> [Extracted information]
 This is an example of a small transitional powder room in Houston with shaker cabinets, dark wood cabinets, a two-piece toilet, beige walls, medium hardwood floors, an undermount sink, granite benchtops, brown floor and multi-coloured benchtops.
---
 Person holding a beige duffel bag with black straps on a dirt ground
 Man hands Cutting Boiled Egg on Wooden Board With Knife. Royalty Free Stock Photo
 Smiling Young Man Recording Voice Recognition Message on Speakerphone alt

> [Required action]
As the answer, set down only the lines from the data above between the one holding "Man hands Cutting" and the one holding "Smiling Young Man", inclusive, exactly as they read.

> [Solution for this exercise]
 Man hands Cutting Boiled Egg on Wooden Board With Knife. Royalty Free Stock Photo
 Smiling Young Man Recording Voice Recognition Message on Speakerphone alt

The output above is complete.